Élodie Bonin

Hidden Mothers

les premières photos de nourrissons

Le genre photographique des Hidden Mothers suscite un intérêt grandissant depuis sa redécouverte au début des années 2000. Genre photographique du XIXᵉ siècle, il définit des mères, dissimulées derrière un voile ou un tissu, tenant leur enfant dans les bras. Popularisé notamment par les recherches de Lee Marks et John Despres en 2005, ce genre étrange et intrigant pose de nombreuses questions, à la fois techniques, symboliques et sociales. Pourquoi ces femmes sont-elles cachées ? Quel message se cache derrière cet effacement ? Cet épisode explore les hypothèses et significations entourant ce genre méconnu, qui révèle autant sur les pratiques photographiques que sur la place de la femme au XIXᵉ siècle.

En 2005, Lee Marks et son mari publie « The Hidden  Presence », traitant de l’existence d’un nouveau genre photographique : The Hidden Mothers. Le couple s’interroge sur de nombreux points qui aideront à de futurs recherches  :

  • Les adultes sont-ils réellement les parents de l’enfant ?
  • Ce genre photographique était-il spécifique à une catégorie d’enfant ? 
  • Pourquoi ne montrait-on pas le visage des « mères » ? 
  • L’effacement de la mère est-elle un choix signification de la place de la femme au XIX° siècle ?

Depuis 2006, Linda Fregni Nagler  collectionne les Hidden Mothers. En 2013, elle expose 997 photographies à la 55ème Biennale de Venises. La scénographie de l’exposition aurait occupée 57 mètre de longueur. Le catalogue de l’exposition recense les 1002 photographies collectionnées par Linda Fregni Nagler, représentant 1930 enfants et leurs mères.

UNE QUESTION TECHNIQUE

Depuis 1838, les professionnels ont eu recourt à l’opium pour calmer les enfants lors de la prise de vue.

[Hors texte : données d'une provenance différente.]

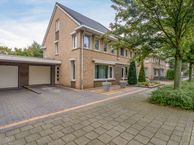 Skimmiastraat 21, 6163 MH Geleen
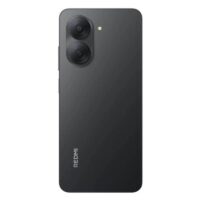 Smartphone Xiaomi Redmi A7 3Go 64Go – Noir Tunisie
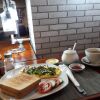 Meal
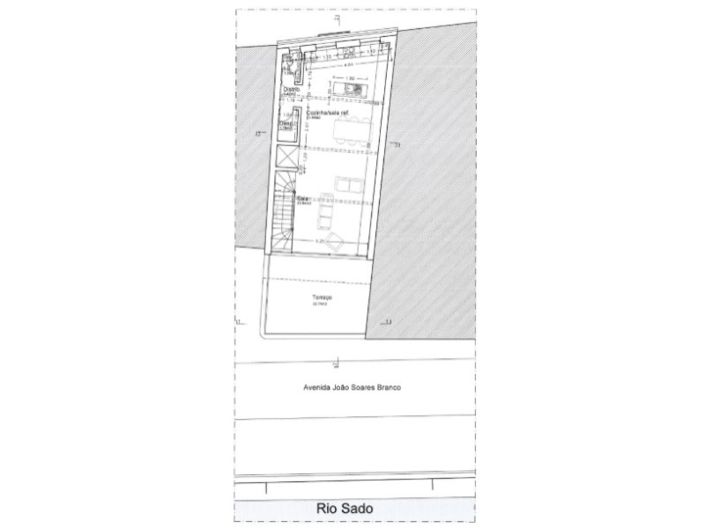 Image No.28-3 Bed House for sale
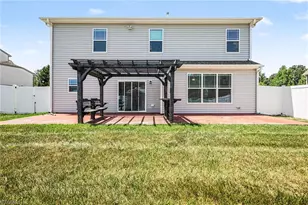 2506 Copperleaf Ct, High Point, NC 27265 - Photo 28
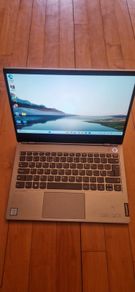 High Performance Lenovo i5/16GB RAM / Win11  14" LED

Mais pour des questions de santé, les adultes ont remplacé l’opium. Cette technique a aussi été utilisé pour la photographie d’animaux domestique, ainsi que pour la photographie post-mortem infantile.

LA PHOTO SOUVENIR

Les historiens ont remarqué que les Hidden Mothers étaient un moyen d’immortaliser les nouveaux baptisés. Cela explique pourquoi les images sont conservées précieusement dans des cadres et étuie.

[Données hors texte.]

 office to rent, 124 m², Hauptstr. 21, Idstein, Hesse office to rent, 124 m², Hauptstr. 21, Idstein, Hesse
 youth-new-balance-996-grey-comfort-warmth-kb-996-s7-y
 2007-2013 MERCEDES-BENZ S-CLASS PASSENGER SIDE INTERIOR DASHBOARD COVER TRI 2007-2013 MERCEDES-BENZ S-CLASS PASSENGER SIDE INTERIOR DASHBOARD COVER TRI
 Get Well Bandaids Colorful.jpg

Les photos sont également réalisées au format carte de visite, certainement pour un envoi postal aux proches absents qui n’ont pas encore rencontré le nouveau-né.

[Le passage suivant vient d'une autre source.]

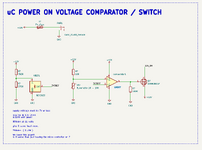 voltage sense switch.png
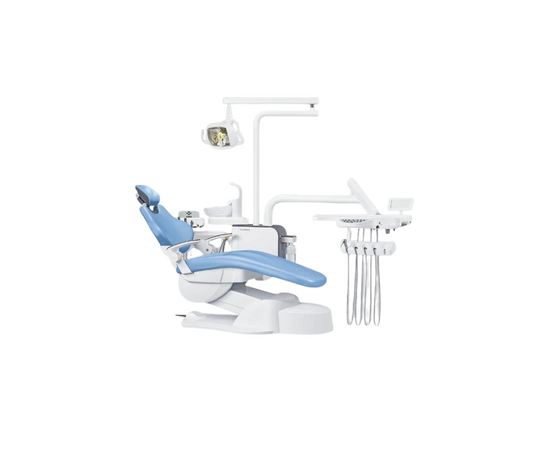 Unit dentar Suntem ST-D302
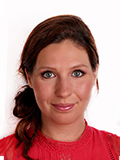 speaker image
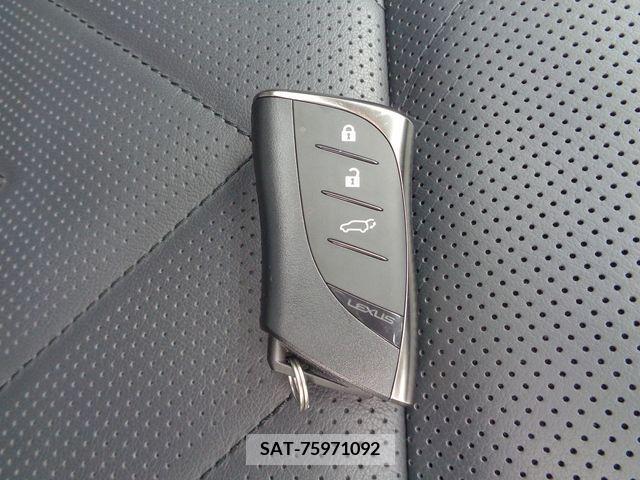 Lexus NX 2023-02 334440-26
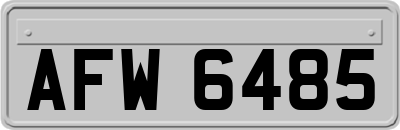 AFW6485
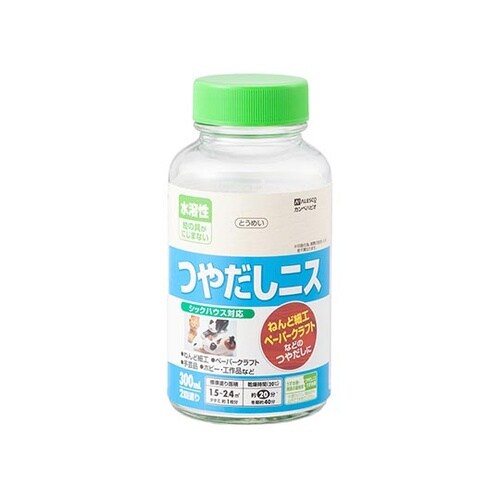 747654002300 艶出ニスA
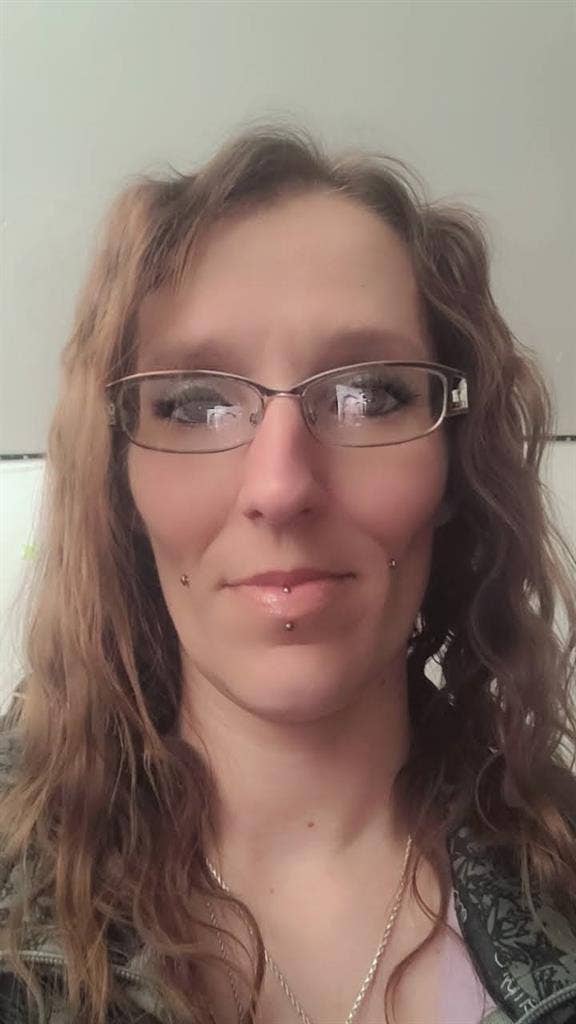 Easy going, quiet, hard working.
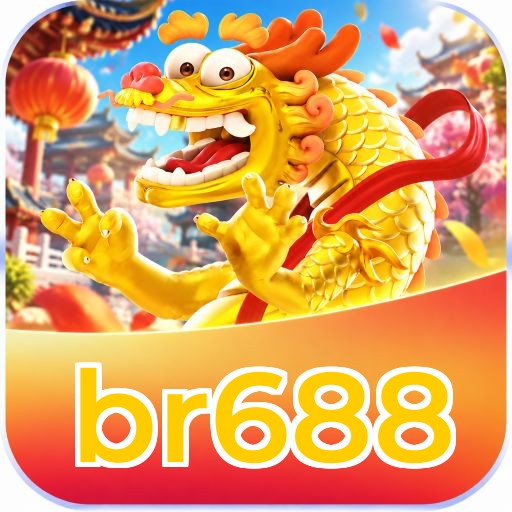 br688 Odds Lottery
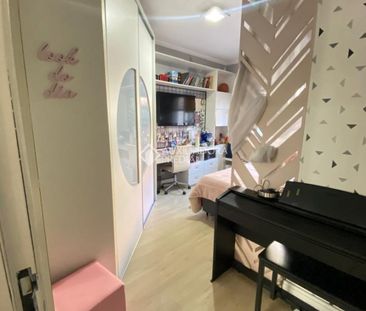 Casa com 3 quartos e 168m² para alugar em Parque da Matriz, Cachoei... - Photo 6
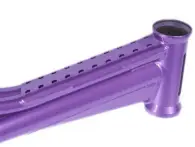 KGB "Palmero" BMX Rahmen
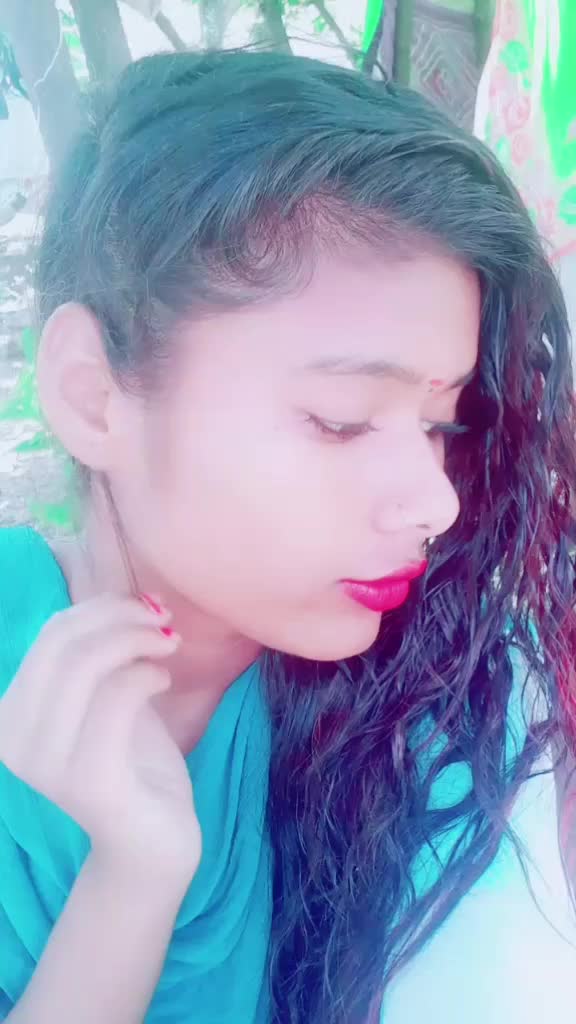@arohi garg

Museum of Fine Arts, Boston, Gift of Lee Marks and John C. DePrez, Jr. (2019.1879)

POURQUOI CACHER LA MÈRE ?

La raison spirituelle : Vis à vis de leurs croyance religieuse, les femmes seraient gênées de se faire photographier dans la pose des « Vierges à l’enfant ».
La raison familiale : Les mères voulaient certainement se cacher pour aider leurs proches à créer un lien plus fort encore avec les enfants.
La raison sociale : Selon les historiens, cacher la femme accentuerait le fait qu’elle n’était pas digne d’attention.

POURQUOI MONTRER LES AVOIR CACHÉ ?

L’hypothèse maternelle : Selon Laura Larson, la mère se cache pour symboliser le sacrifice de sa vie.
L’hypothèse d’auto-humiliation : Pour Jeffrey Batchen, il s’agirait d’un effacement affirmant l’importance de l’enfant dans le cadre.
L’hypothèse de momification : Massimiliano Gioni suggère que le genre des « mères cachées » avait pour but de préparer la mère à la mort.
L’hypothèse culturelle : Lee Marks et John Despres supposent que les photographes n’avaient tout simplement pas la même interprétation et perception iconographique que nos contemporains.

Museum of Fine Arts, Boston, Gift of Lee Marks and John C. DePrez, Jr. (2019.1855)

S’AGIT-IL DES MÈRE ?

À l’époque, un enfant se faisant prendre en photo pouvait facilement être terrifié. Il est donc facilement imaginable qu’e la mère avait un rôle de réconfort. Dans ce cas, un homme (père ou assistant) déguisé en femme aurait pu tenir l’enfant. Il est, cependant, impossible d’en faire une généralité, l’hommes pouvant tenir l’enfant dans le cas où la mère est morte en couche.

DES IMAGES EFFRAYANTES

Perçu comme morbide, étrange et angoissant, cacher la mère revient à inciter le spectateur à imaginer ce qui ce cache sous ce drap, et notre imagination peut parfois aller très loin.